Add to the onion mixture and simmer for 5 minutes. Add the chicken and potatoes.
Simmer for 5 minutes.
Make the tomato juice up to 1 cup with water and add to the chicken with the honey.
Simmer, uncovered, for about 20 minutes, until the potatoes and chicken are cooked.
Stir in the yoghurt and serve.
Great topped with additional yoghurt and chopped coriander. -Serves 6
VENISON WITH YOGHURT SAUCE
This is an unusual combo, but it's delicious.
INGREDIENTS
Sauce: 3/4 cup Greek yoghurt
1/4 cup each: parsley, mint leaves, chopped
1 clove garlic, crushed
1 tsp each: honey, lemon juice
1 Tbsp extra virgin olive oil
Steak: 2 x thick venison steaks
1-2 Tbsp rice bran oil
freshly ground black pepper to taste
METHOD
Combine the sauce ingredients. Refrigerate if you wish, but the sauce is best served at room temperature. Pat the steaks dry, bush with oil and sprinkle with black pepper.
Heat the remaining oil in a heavy ridged frying pan. Pan-fry the steaks on medium high for about 3-4 minutes each side, until medium rare. Rest for 3-4 minutes before serving with the sauce. -Serves 2
LEMON YOGHURT CAKE
INGREDIENTS
1 cup each: canola oil, caster sugar
2 eggs
1 cup thick, plain yoghurt
1 tsp finely grated lemon rind
2 cups self-raising flour
1/2 cup mixed dried peel
Yoghurt Icing: 1 cup sifted icing sugar
1/4-1/3 cup plain yoghurt
1/2 tsp vanilla essence
METHOD
Preheat the oven to 170C. Lightly oil and line the base of a 21-23cm springform cake pan with baking paper.

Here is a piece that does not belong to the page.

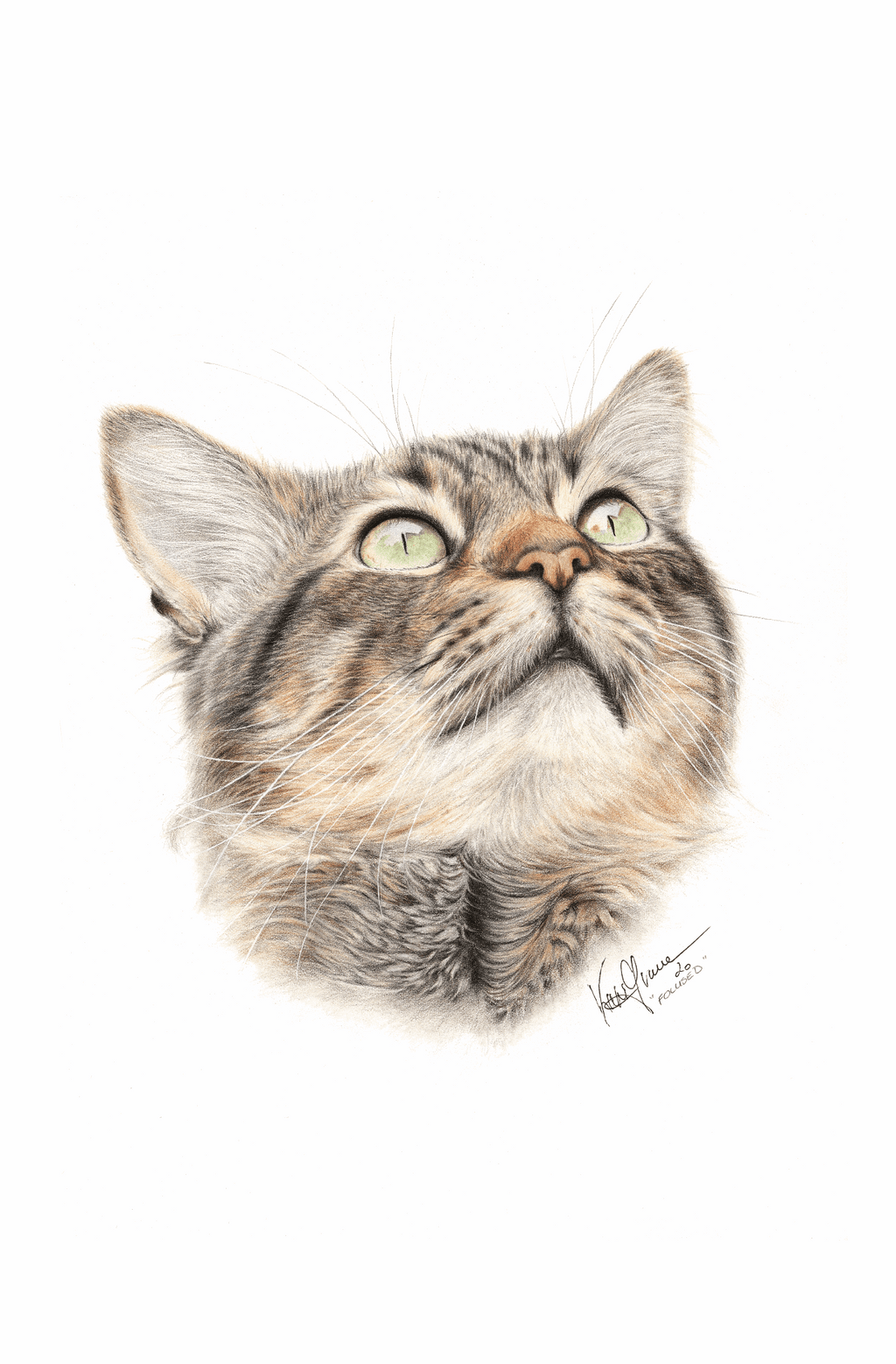 Illustration of a cat's head on a white background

Beat the oil and caster sugar until light. Whisk in the eggs, one at a time. Mix in the yoghurt and lemon rind. Fold in the flour until just combined. It should still be a little lumpy, similar to a muffin mixture.

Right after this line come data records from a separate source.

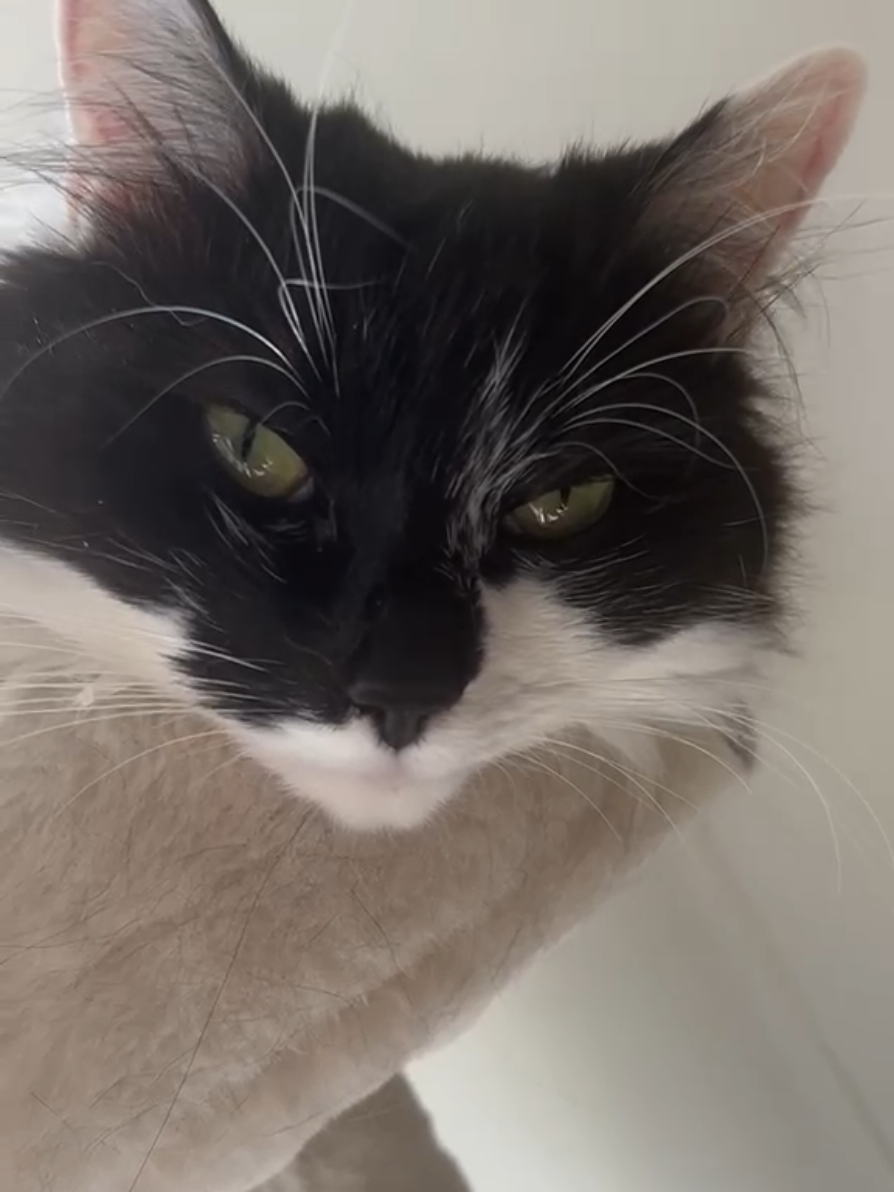 @2catlife
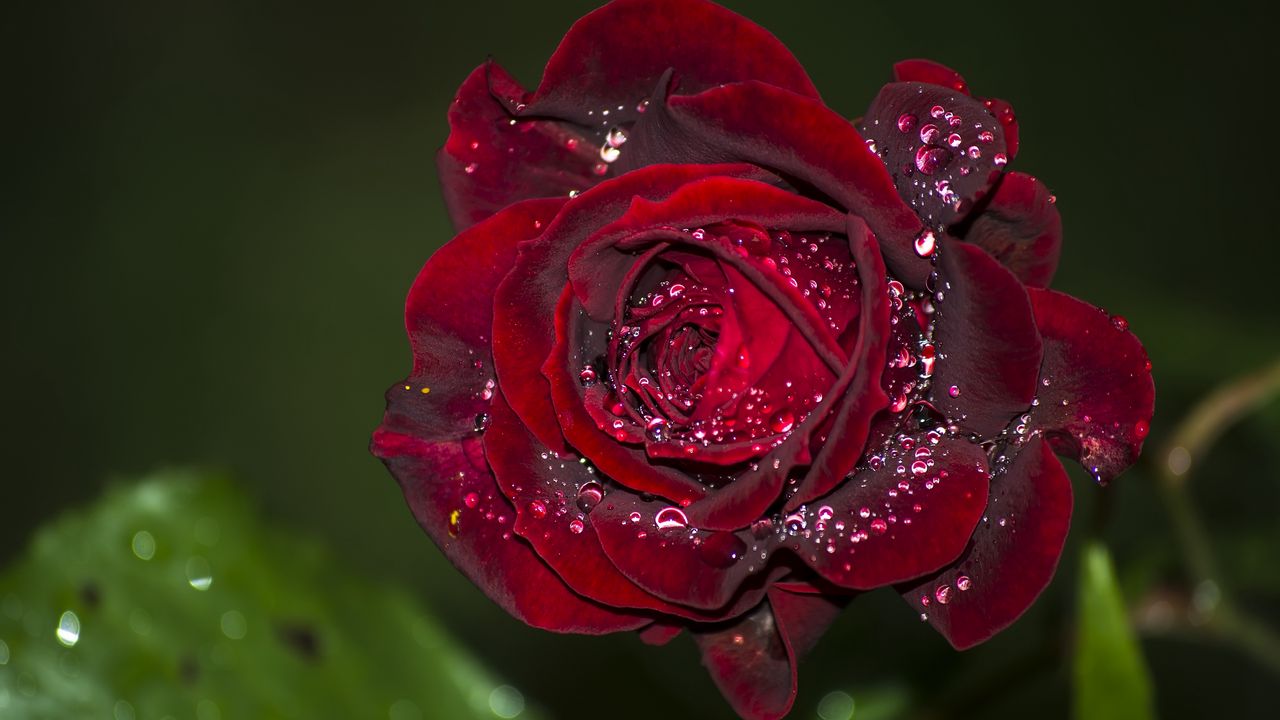 Wallpaper rose, red, drops, macro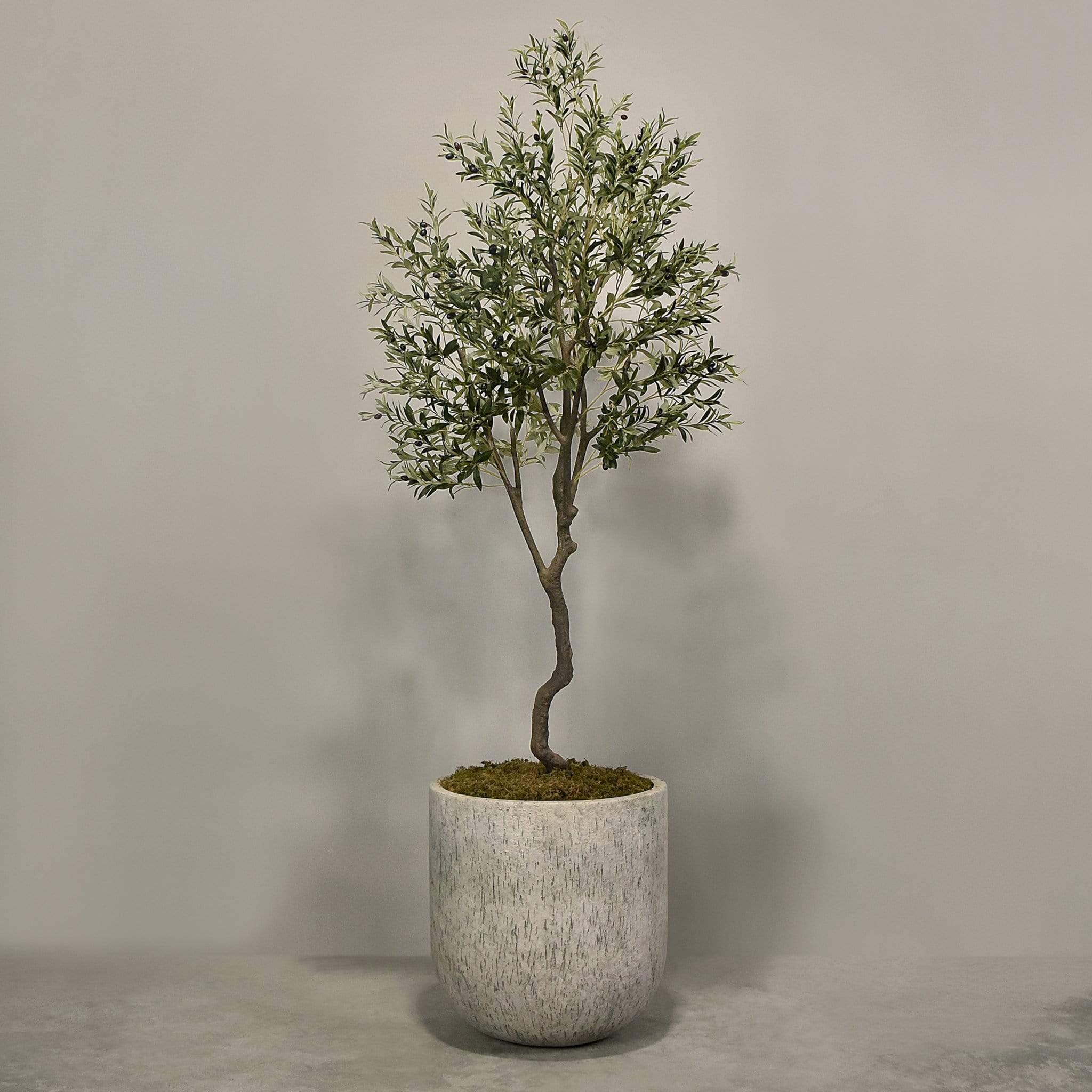 صورة المنتج 4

Fold in the dried peel. Pour into the prepared pan.
Bake for 1 hour or until a skewer inserted in the centre comes out clean. Cool in the pan.
To prepare the icing, combine the icing sugar with enough yoghurt to make it easily spreadable.
Add the vanilla essence. Spread over the cake. Best stored in a covered container in the refrigerator.